El principal problema con estadísticas como el modelo CoxR2(descrito en otra respuesta) es que depende mucho de la distribución de censura de sus datos. Otras cosas naturales que puede observar, como la relación de probabilidad con el modelo nulo, también tienen este problema. (Esto se debe básicamente a que la contribución de un punto de datos censurado a la probabilidad es muy diferente de la contribución de un punto de datos donde se observa el evento, porque uno de ellos proviene de un PDF y uno de ellos proviene de un CDF). Varios investigadores han propuso formas de evitar esto, pero las que he visto generalmente requieren que tenga un modelo de distribución de censura o algo igualmente poco práctico. No he investigado qué tan grave es esta dependencia en la práctica, por lo que si su censura es bastante leve, aún podría analizar estadísticas basadas en la razón de probabilidad. Para los modelos CART de supervivencia,
Para los modelos de supervivencia genéricos, una estadística de uso frecuente es el índice c de Harrell , un análogo de Kendall's o el ROC AUC para los modelos de supervivencia. Esencialmente, c es la proporción, de todas las instancias donde sabe que una instancia experimentó un evento más tarde que la otra, que el modelo se clasifica correctamente. (En otras palabras, para que se incluyan un par de instancias en el denominador aquí, como máximo una puede ser censurada, y debe censurarse después de que la otra experimente un evento). El índice c también depende de la distribución de censura, pero Según Harrell, la dependencia es más leve que para las otras estadísticas que mencioné anteriormente. Desafortunadamente, Harrell's cτtambién es menos sensible que las estadísticas anteriores, por lo que es posible que no desee elegir entre modelos basados en él si la diferencia entre ellos es pequeña; Es más útil como índice interpretable de rendimiento general que como una forma de comparar diferentes modelos.

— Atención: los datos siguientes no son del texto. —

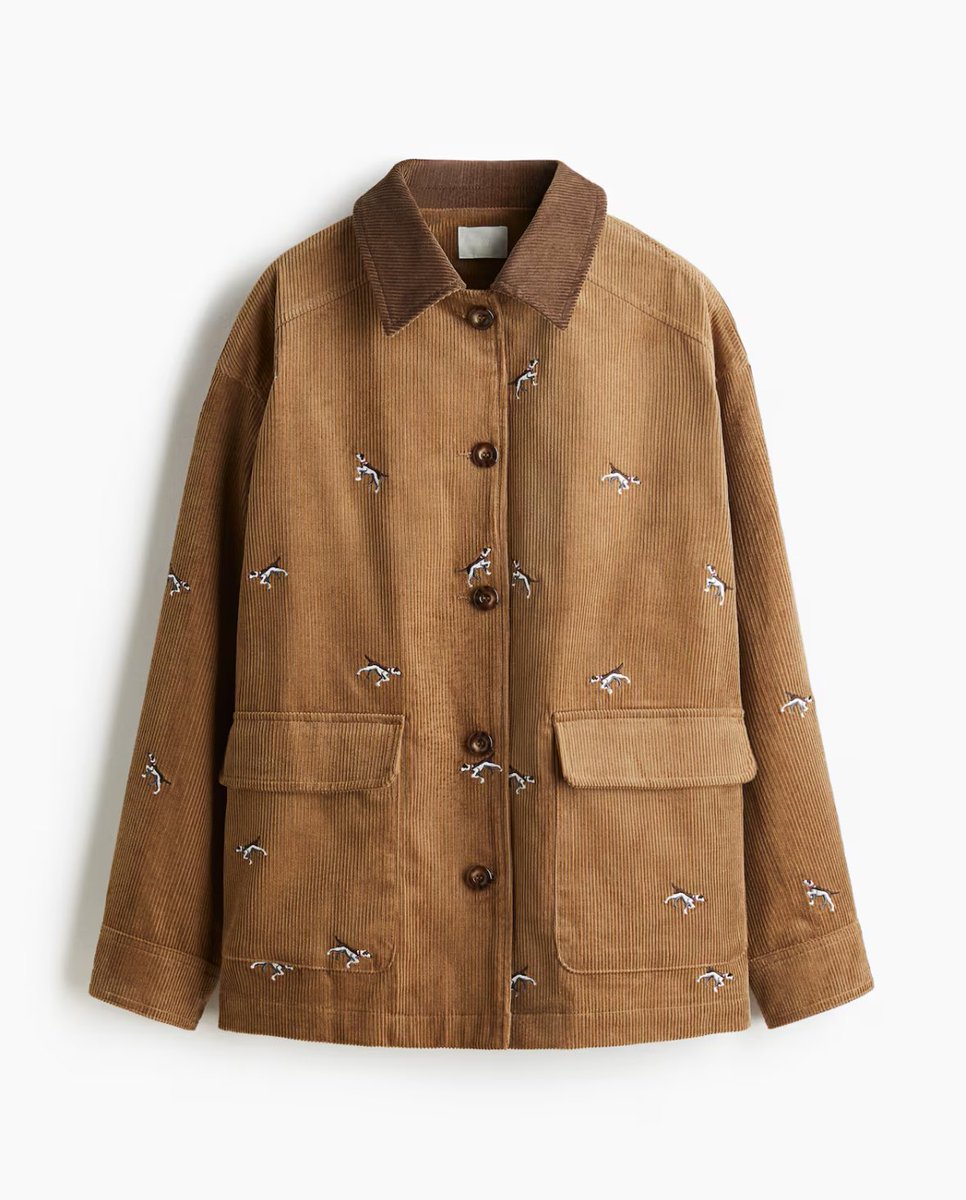 犬刺繍のジャケットお店で見て迷ったらもう在庫ないワン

(Por último, por supuesto, si tiene un propósito específico en mente para los modelos, es decir, si sabe cuál es su función de pérdida de predicción, ¡siempre puede evaluarlos de acuerdo con la función de pérdida! Pero supongo que ' no eres tan afortunado ...)

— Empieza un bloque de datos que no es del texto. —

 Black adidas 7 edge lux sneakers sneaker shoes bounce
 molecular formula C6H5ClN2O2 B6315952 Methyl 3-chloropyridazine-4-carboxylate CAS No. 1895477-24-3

Para una discusión más profunda tanto de las estadísticas de razón de probabilidad como de la c de Harrell , debe consultar el excelente libro de texto de Harrell Estrategias de modelado de regresión . La sección sobre evaluación de modelos de supervivencia es §19.10, pp. 492-493. Lo siento, no puedo darte una sola respuesta definitiva, ¡pero no creo que este sea un problema resuelto!